Second, it is relevant to note that the attendant literature has focused distinctly on each of the three sectors without engaging the financial access channel. The contribution of the present study to the attendant literature is to engage the three sectors simultaneously within the framework of the hitherto neglected financial access channel. The corresponding scholarship on value added across economic sectors has, to the best of our knowledge, focused on the three main sectors of the economy: namely, the agricultural, manufacturing, and service sectors.
In the agricultural sector, the attendant scholarship has been oriented toward smallholder agricultural development (Lutz and Olthaar 2017). Specifically, van Rijsbergen et al. (2016) engage the impact of coffee certification on farmers’ welfare in Kenya. Lutz and Tadesse (2017) are involved with competitiveness versus inclusiveness in global value chains and the African farmers’ market organization. Olthaar and Noseleit (2017) position their research on a comparative analysis of farmers cooperatives to non-members in SSA. Metzlar (2017) assesses the strategic intents and projects of farmers with smallholder features in the cocoa industry of Ghana. Vermeire, Bruton and Cai (2017) examine linkages between global value chains and the economic prosperity of poor landowners.
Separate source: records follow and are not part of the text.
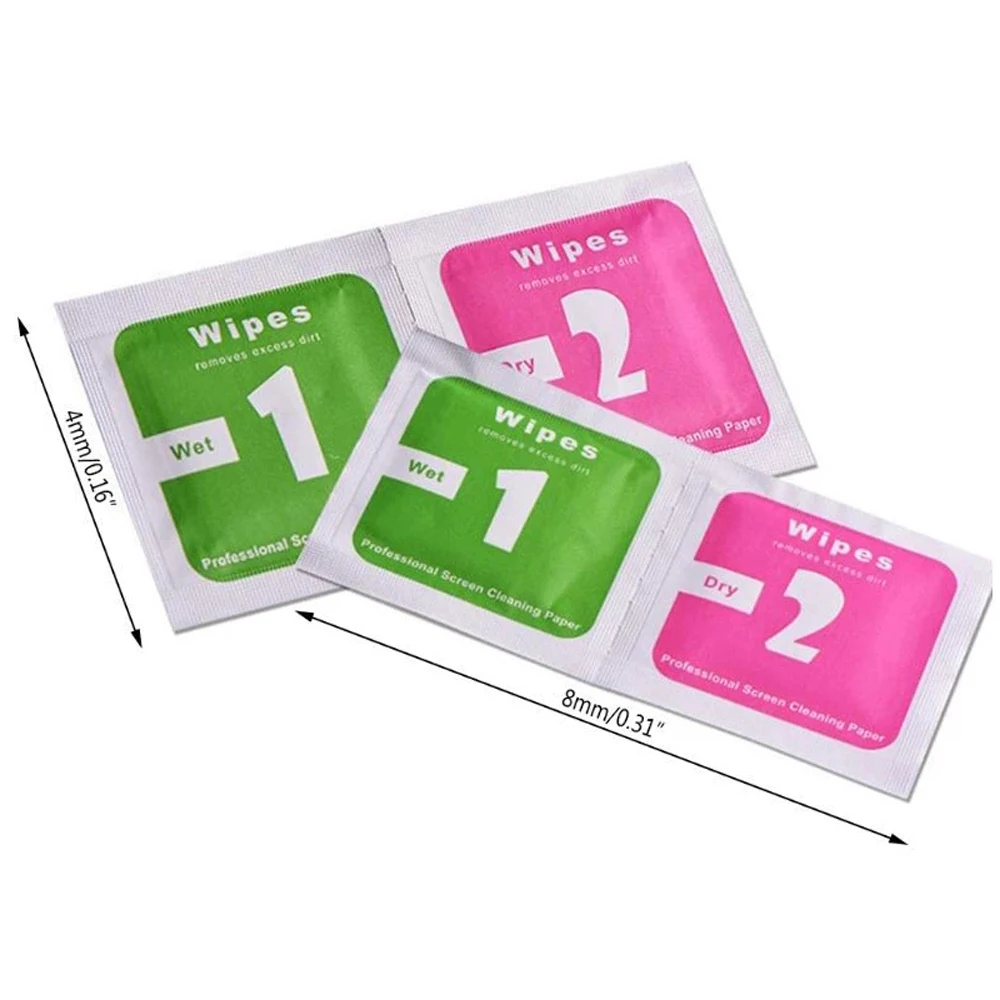 500set Wet Dry Wipes Cleaning Cloth for Tempered Glass Screen Protector for Camera Lens LCD Screens Dust Removal Papers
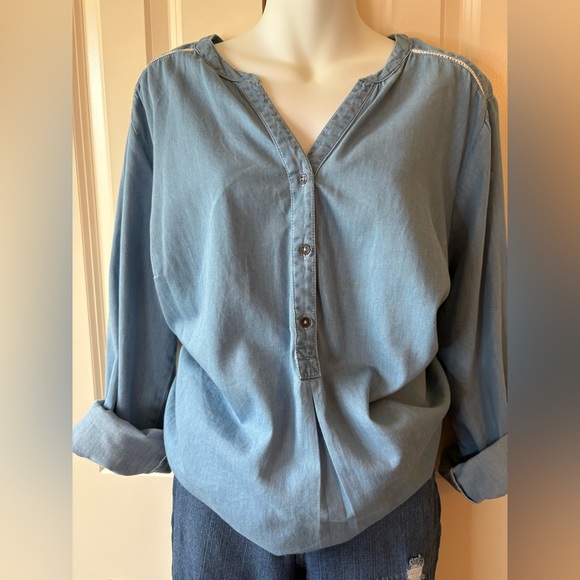 2pc, Denim blouse and Scarf, size 1x, By New Direction, UEC - Picture 2 of 8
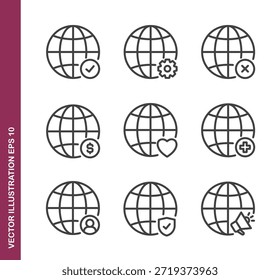 Iconos de la línea del globo - mini icono de la serie de la colección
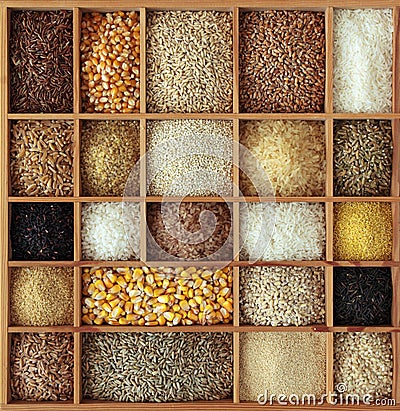 Cereals in wooden box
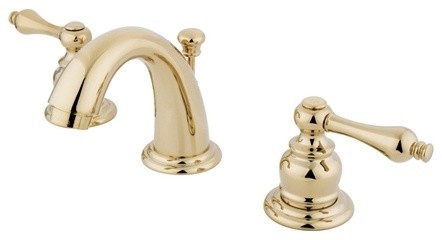 Kingston Brass Widespread Bathroom Faucet With Retail Pop-Up, Polished Brass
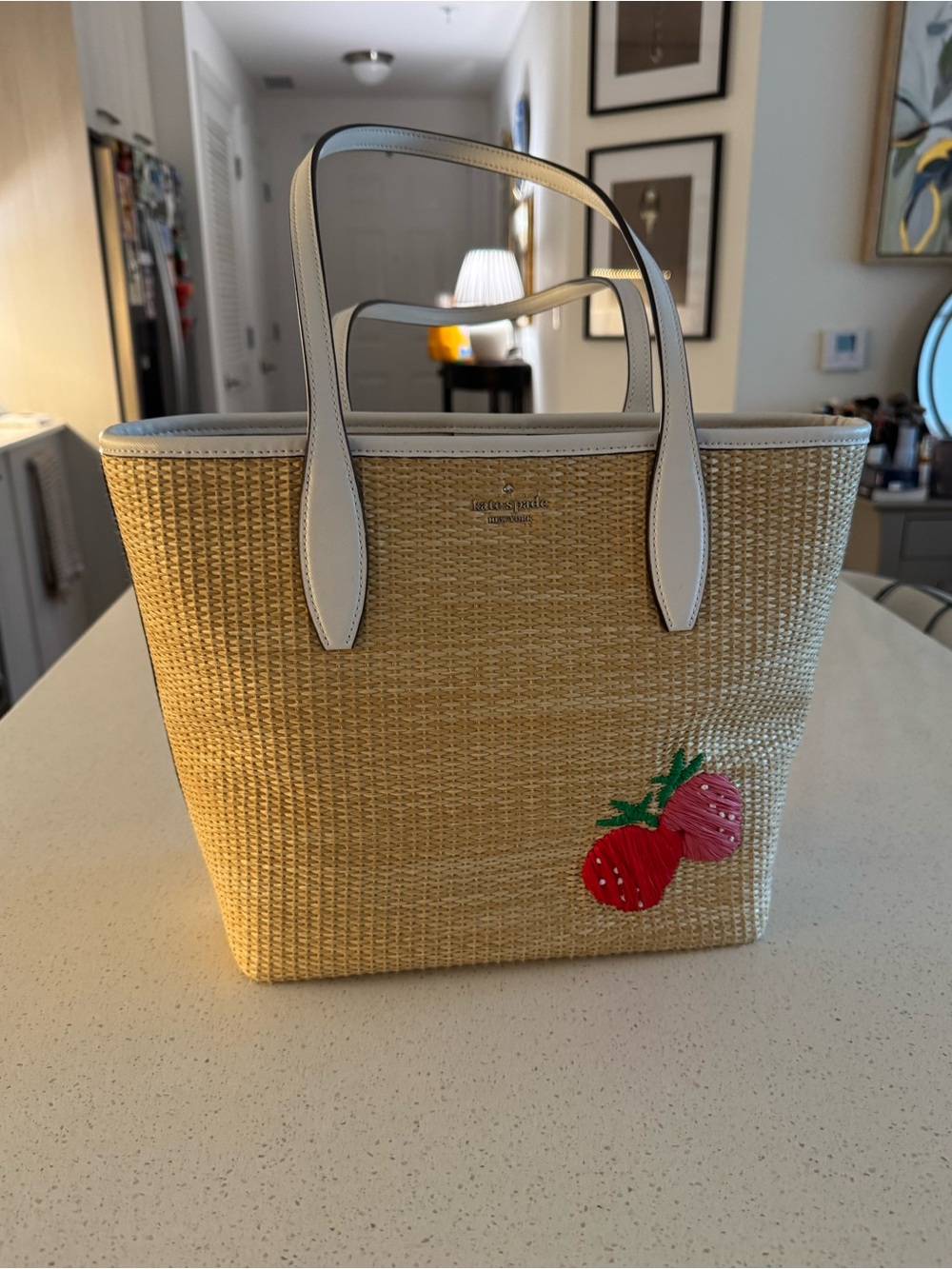 Kate Spade Strawberry Raffia Tote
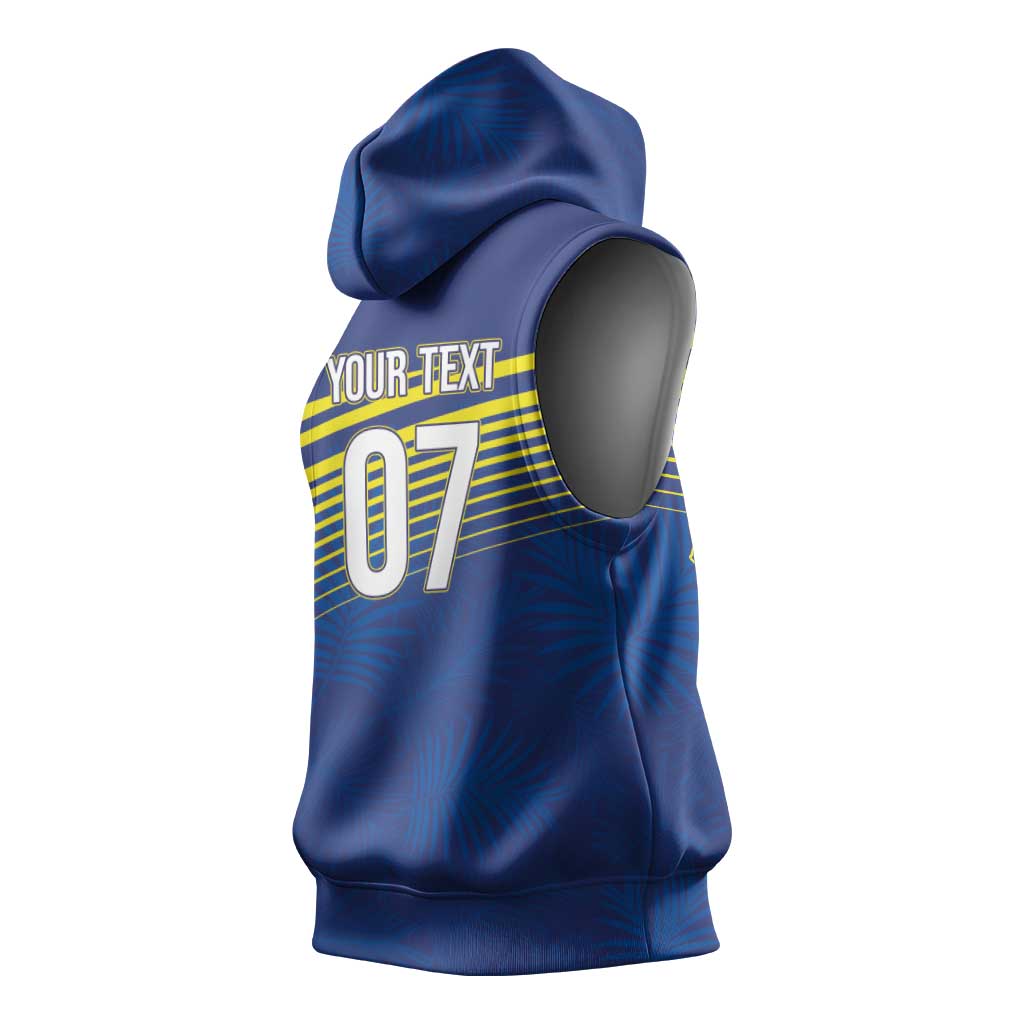 Afro-Curacao Football Custom Sleeveless Hoodie Korsou Blue Wave - Making History - African Pride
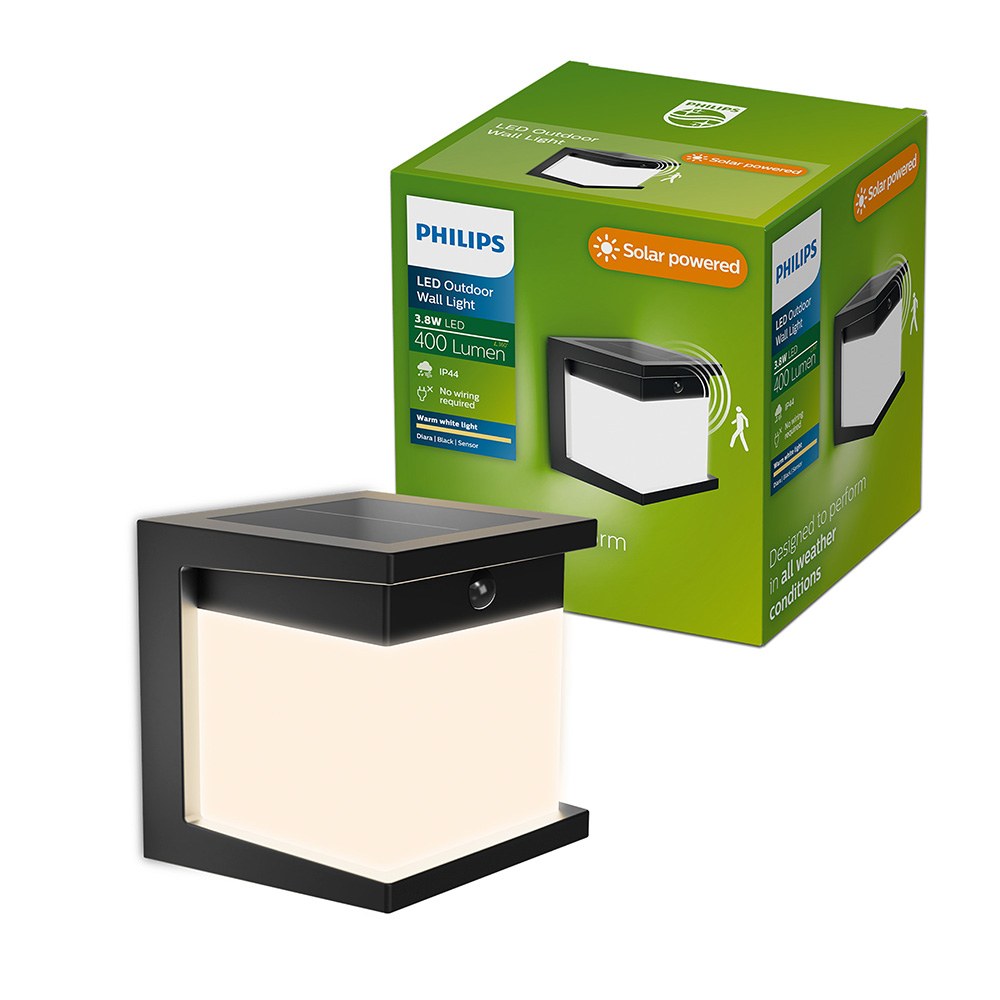 Aplique led solar diara, preto, 3,8 w, 400/10 lm, 2700 k_0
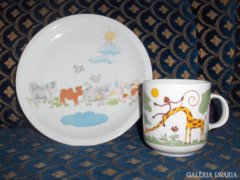 Állatos Alföldi Porcelán gyermek tányér és csésze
Finally, Uduji and Okolo-Obasi (2018a, 2018b) assess how crop varieties can be improved with the help of gender inclusive policies.
Within the framework of the manufacturing sector, van Lakerveld and Van Tulder (2017) focus on leading Dutch corporations in SSA that are involved with supply chain practices, which are characterized by transition management; Banga, Kumar and Cobbina (2015) are concerned with trade-related value chains in SSA within the premise of the leather sector, while Ruben, Bekele and Lenjiso (2017) focus on the dairy sector of Ethiopia in which they investigate connections between value chains and quality upgrading. Previous studies on the service sector are, however, sparse. In this strand, Beerepoot and Keijser (2015) are concerned with the relevance service sector outsourcing as a driver of economic prosperity in the Ghanaian information and communication technology (ICT) sector.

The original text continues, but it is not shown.